Task description>
Only lines holding the word "background" are wanted from the records; copy all of them.

:: Dataset records

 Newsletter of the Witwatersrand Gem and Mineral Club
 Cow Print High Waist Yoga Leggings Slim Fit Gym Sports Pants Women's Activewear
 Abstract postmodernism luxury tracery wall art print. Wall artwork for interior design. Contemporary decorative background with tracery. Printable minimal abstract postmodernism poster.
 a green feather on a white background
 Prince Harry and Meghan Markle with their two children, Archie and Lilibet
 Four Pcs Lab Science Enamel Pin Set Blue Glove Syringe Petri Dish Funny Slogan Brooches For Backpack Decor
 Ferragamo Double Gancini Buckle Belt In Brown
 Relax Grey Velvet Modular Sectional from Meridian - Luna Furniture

::::

Solution for this problem>
 Abstract postmodernism luxury tracery wall art print. Wall artwork for interior design. Contemporary decorative background with tracery. Printable minimal abstract postmodernism poster.
 a green feather on a white background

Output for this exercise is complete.